De tal modo, el más claro y decidido consumador del pop art retoma el realismo, para introducir en la reserva iconográfica del arte elementos antes impensables, domésticos, degradables, escandalosos desde un enfoque tradicional. Así, con la mano en la cintura, Andy Warhol puede decir: "Lo hermoso de Estados Unidos es que ha fundado una tradición, según la cual los consumidores más ricos compran, en esencia, las mismas cosas que los pobres. Uno se sienta delante de la televisión y bebe Coca Cola; y sabe que el presidente bebe Coca, Liz Taylor bebe Coca; y piensa para sí: 'tú también te puedes permitir beber una Coca'". El comentario, tan aparente y quizá certeramente natural, trasladado a la obra hace alusión al singular mecanismo reflexivo del artista, un mecanismo basado en el desparpajo, la inflexión informal, realmente sincera y sin lugar a dudas desafiante que compone su modo de mirar al mundo que lo rodea. Se ha hablado mucho de la ironía de Warhol; probablemente hubo una carga irónica en sus primeras obras, las de los años sesenta pero, como dijera con otras palabras Baudrillard, la ironía en sus últimas obras queda neutralizada y trivializada, en el entorno de su reiteración constante.
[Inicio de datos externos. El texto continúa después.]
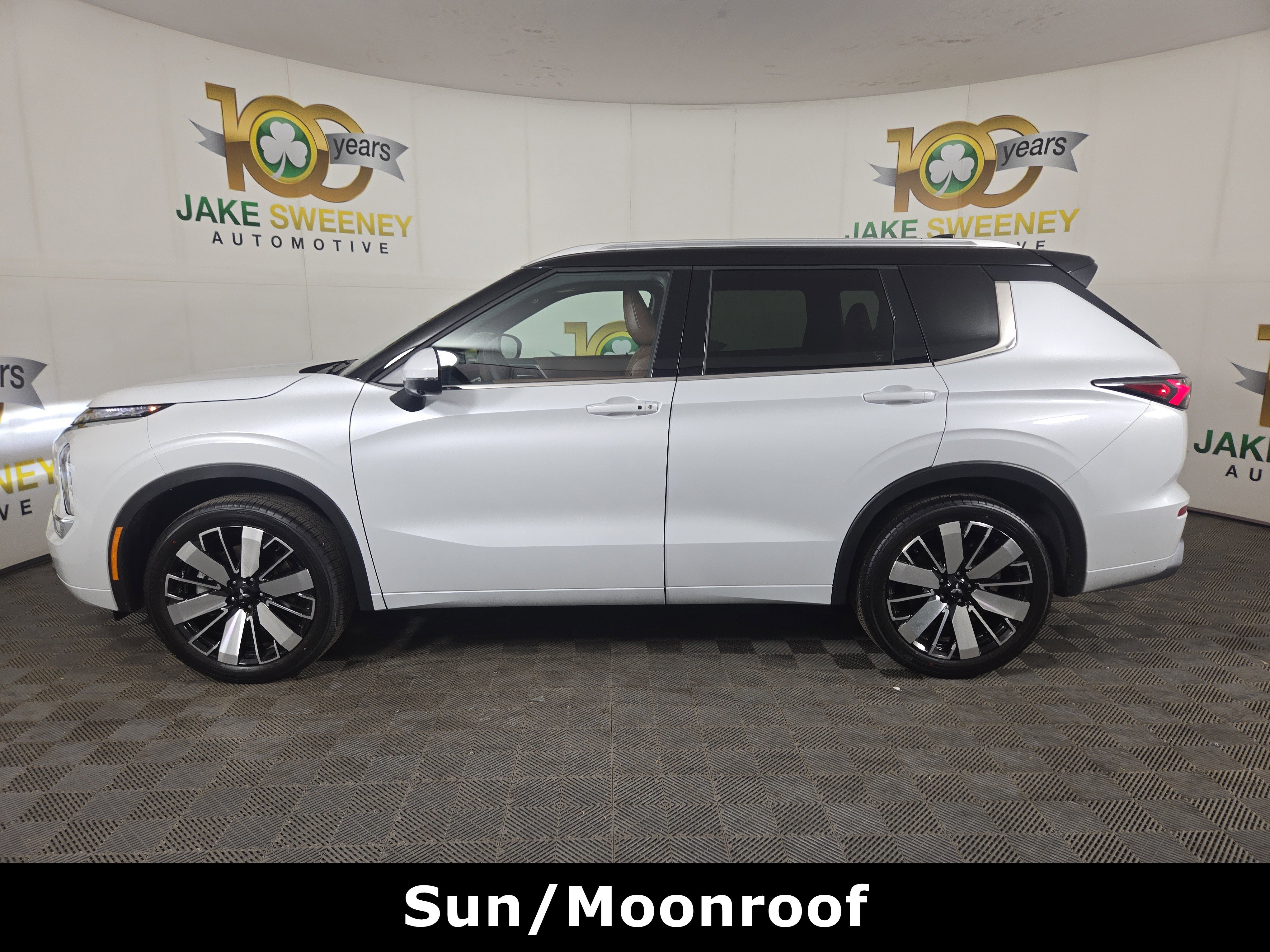 Used 2025 Mitsubishi Outlander SEL image 6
Y a propósito, el recurso repetitivo a modo de sintagma visual que llena con billetes de dólar y botellas de Coca Cola algunas de sus superficies, abarca varios sentidos: la abundancia consumista, la fragmentación de lo representado que ausenta cualquier indicio de relato y neutraliza, trivializa al motivo reproducido y, además, erosiona el carácter mismo de la representación. Volviendo a la cita del inicio, esa neutralización trivializante puede encontrar una analogía desviada con la muerte presente en el objeto que desaparece mientras se lo consume. Pero la permanencia de tales objetos, su producción industrial, los vuelve vulgarmente eternos, como una contracara espejeante de la muerte, en el sentido de una inanidad provocada por su pérdida de novedad, por su despojamiento de sentido.
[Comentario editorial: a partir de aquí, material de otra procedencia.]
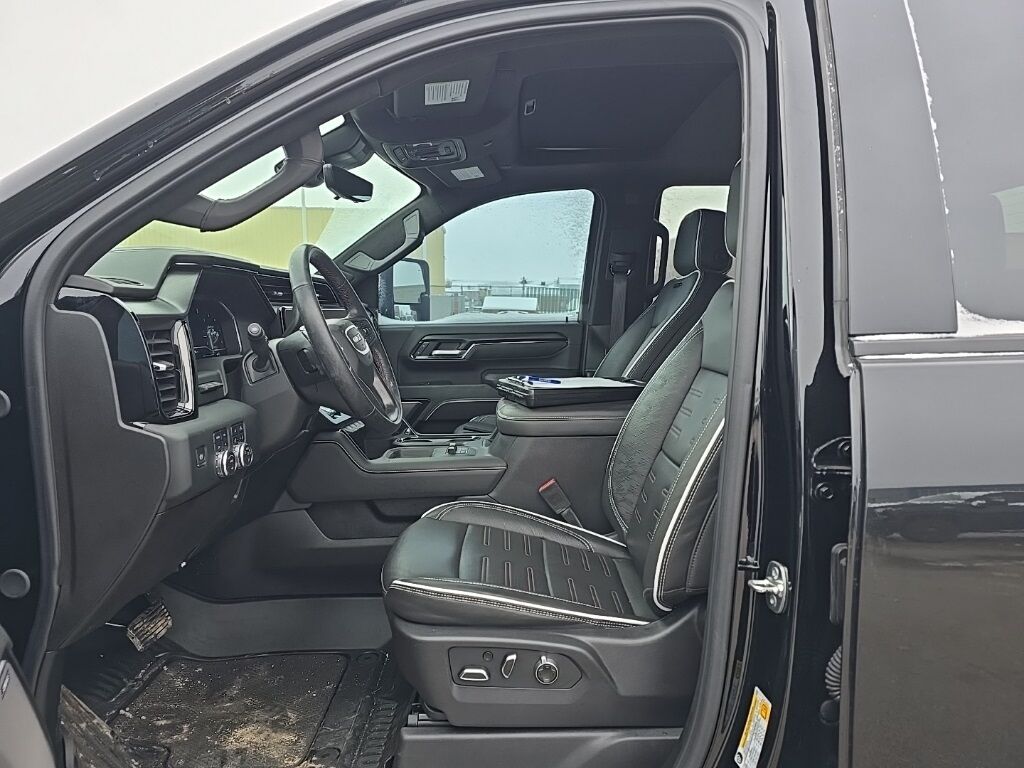 2025 GMC Sierra 2500HD 4x4 Crew Cab AT4X Fond du Lac WI 2025 GMC Sierra 2500HD 4x4 Crew Cab AT4X Fond du Lac WI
sem-warhol1 Por otro lado, Warhol no fue sólo el desacralizante consagrador de los productos de consumo masivo. Fue también el retratista de los ídolos que ocupaban su época y, en tal aspecto, un reformulador de ese viejo género. Realizaba retratos por encargo, amistad o conveniencia: de Robert Rauschenberg multiplicado (1963) y solo (1967); del célebre galerista Leo Castelli (1973). Pero también retrataba a los mitos de la época, tal como aparecían en los periódicos, el cine o la naciente televisión; mitos que aún hoy perpetúan su vigencia: Elvis Presley, Marilyn Monroe, Jackie Kennedy. La excepción es Mao Tse Tung.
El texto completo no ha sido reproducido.